I await proposals on the east coast motorway, which I understand are to come forward shortly.

My hon. Friend is right that there has been tolling on motorways in many, although not all, European countries for a good many years. I am extremely anxious to introduce private finance into our entire road system, and I shall come forward with proposals soon. I shall consider what my hon. Friend has said, but at present I have no proposals to make about tolls.

Mr. Hardy

Will the Secretary of State resist the current Conservative fashion of delving into ancient history to resurrect past practices? We have had quite enough with the poll tax and the possibility of the indentity card without further measures such as the toll turnpike and toll booth.

Mr. Channon

I am surprised that the hon. Gentleman should take that philistine attitude to history. It is most unlike him, with his teaching background. I see no reason why we should not examine all good ideas, whether they are new or old.

Mr. Simon Coombs

Does my right hon. Friend accept that if there is a choice between congestion and paying a toll, many people who use the M4 motorway every day between Maidenhead and Hammersmith will be more than willing to consider the latter alternative?

Mr.

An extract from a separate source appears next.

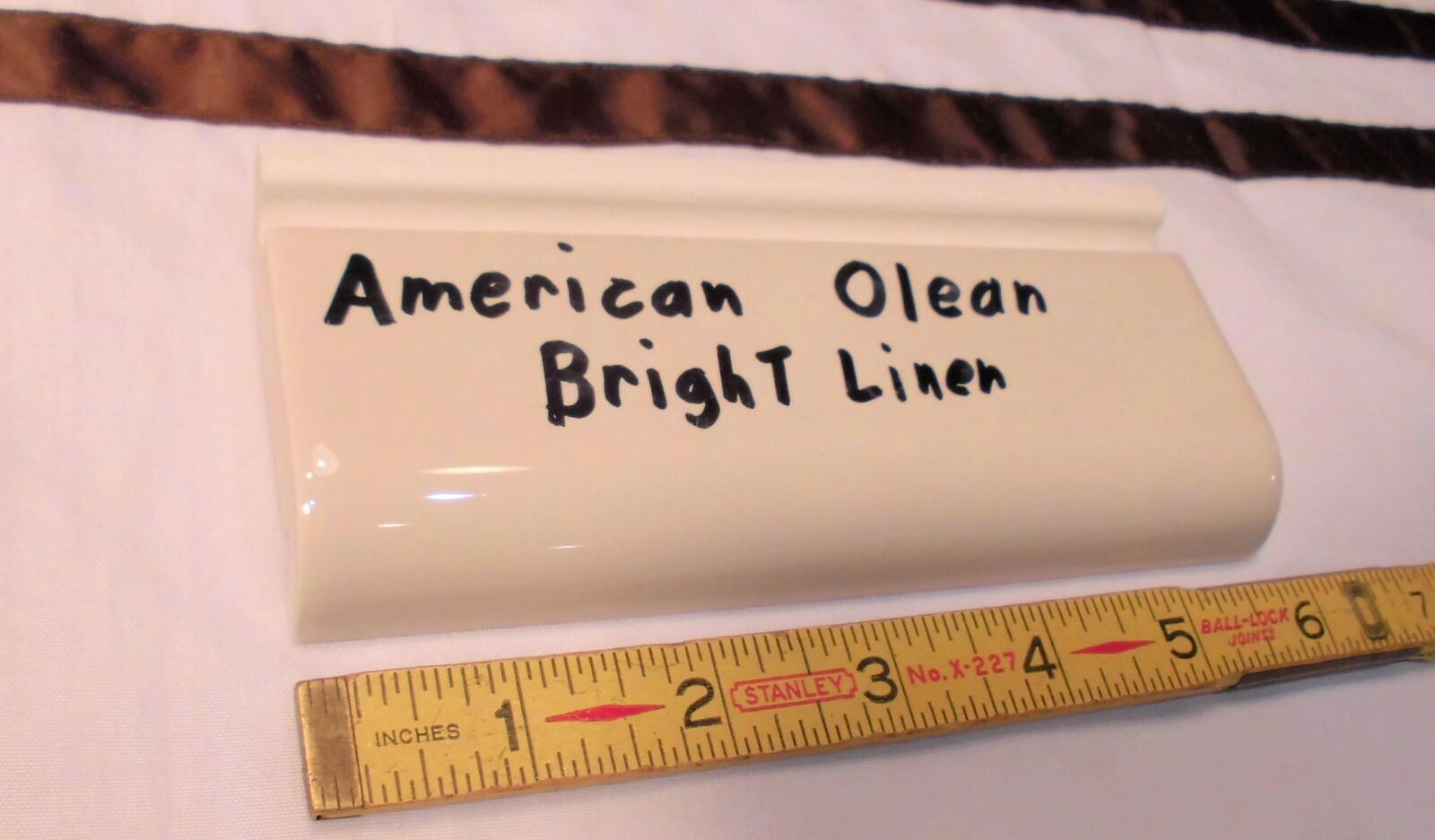 1 pc. *Bright Linen* Ceramic Radius Bullnose Tile by American Olean Co. NEW 6″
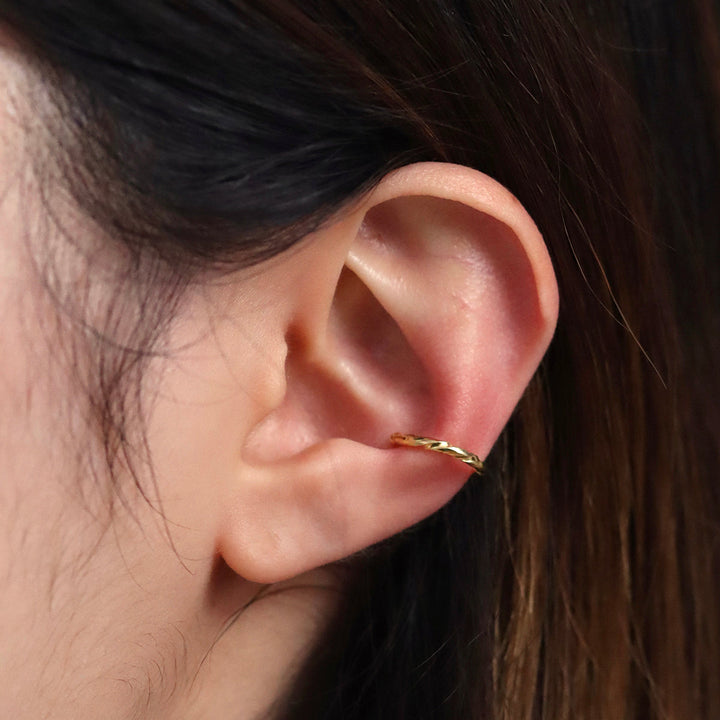 Twisted line ear cuff-1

Channon

I find that an increasing number of people take that view. I think that the attitude has changed completely in the last couple of years.

Mr. Prescott

Does the Secretary of State accept that Britain has the smallest and most congested motorway system of any developed economy? It is one third the size of that in Germany, and we have an expansion programme one fifth of the size of Germany's.

Does the Secretary of State share the growing resentment of the Government's support for tolls when, since 1979, they have doubled the level of road transportation tax to about £7 billion, which represents 25 per cent. of the total raised, compared with the 35 per cent. raised under Labour? If the right hon. Gentleman had been able to maintain that level against the Treasury, he would have had £2 billion more to improve the quality of our roadways.

Mr. Channon

The hon. Gentleman may have misheard what I said in answer to the original question. I said that I have no plans to introduce tolls at present, so a good deal of his question is aimed at the wrong target.

The hon. Gentleman knows that it takes a considerable time to complete a motorway. I would take his protestations more seriously but for the fact that the Labour Government had such an appalling record on motorways. We are reaping some of that legacy now.

Mr. John Browne

Does my right hon. Friend accept that the people of Winchester will be particularly interested in the answer that he gave to the original question? They look forward to the speedy completion of the M3. Will my right hon. Friend please assure the House that when he has looked at the inspector's report he will spend sufficient money, including privately raised finance, to ensure that the internationally very special environment around our historic city of Winchester will be fully protected?

Mr. Channon

I note what my hon. Friend has said, but in view of the present position I think that it would be unwise for me to comment.